Many thanks in advance for your advice and help.
 
If power consumption isn't an issue I'd look at using multiple dual E5-2670v1 servers for your data analysis setup. Any CUDA accelerated machine learning you do wouldn't be very CPU dependent and a separate workstation could be used for that purpose.
 
If power consumption isn't an issue I'd look at using multiple dual E5-2670v1 servers for your data analysis setup. Any CUDA accelerated machine learning you do wouldn't be very CPU dependent and a separate workstation could be used for that purpose.

Power consumption isn't a major issue but of course I'd like to avoid being blatantly wasteful.

Unfortunately, the scientific calculations I'm looking to do (which are done on several existing software packages) don't scale very well across multiple nodes. I suppose could just run multiple calculations across the 2670 servers (which admittedly are currently very cheap), but there are some longer calculations (that take 2+ days on the SR-2, which itself is probably about 80% as fast as a dual 2670 build) that could benefit from having even more CPU speed.
 
Last edited:
I'd highly recommend looking into a CUDA build for machine learning. Just slapped together a 4 gtx 1080 build for work and we are training models in ~3 minutes vs 3 days on the 5930k in there...
 
I'd highly recommend looking into a CUDA build for machine learning. Just slapped together a 4 gtx 1080 build for work and we are training models in ~3 minutes vs 3 days on the 5930k in there...

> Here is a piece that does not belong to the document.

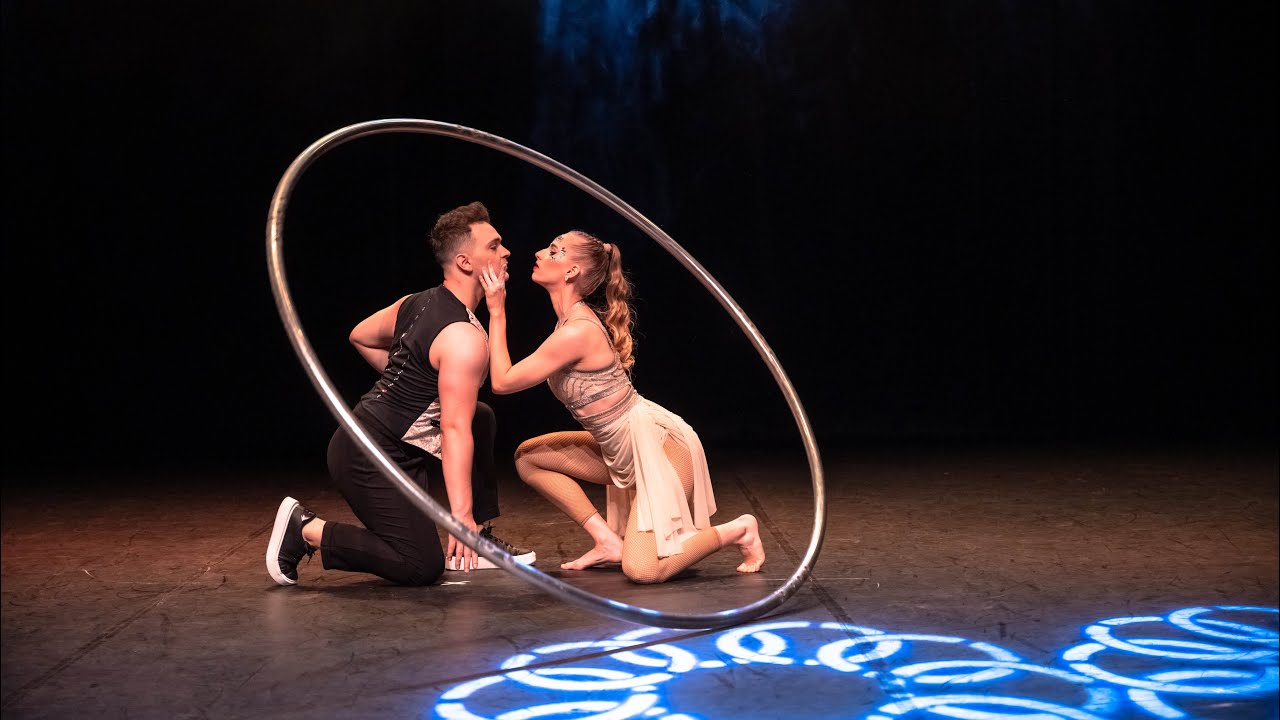 Duo Crystal Circles - Duo Cyrwheel Full Act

Which machine learning packages are you running on the GPUs, or are you writing your own code?

The machine learning is a secondary purpose to the scientific calculations, which are running on programs that demand CPU power first and foremost.

The first 2679v4 arrived and is working well in a X99 board with some non-ECC DDR4. An air cooler (the cheap Swiftech Polaris) handled the 200w TDP processor for a long Linx run with AVX, so it's not worth the risk of water. Its telling that systems needing custom loops must really be dissipating huge amounts of power. Waiting on the X10DAX to arrive.
 
I just noticed this thread, OP if you see this any chance you could list the turbo bins you observe? I know allcore is 3.3 which is impressive for 20 cores but really curious what the max 1/2/4 core bins are.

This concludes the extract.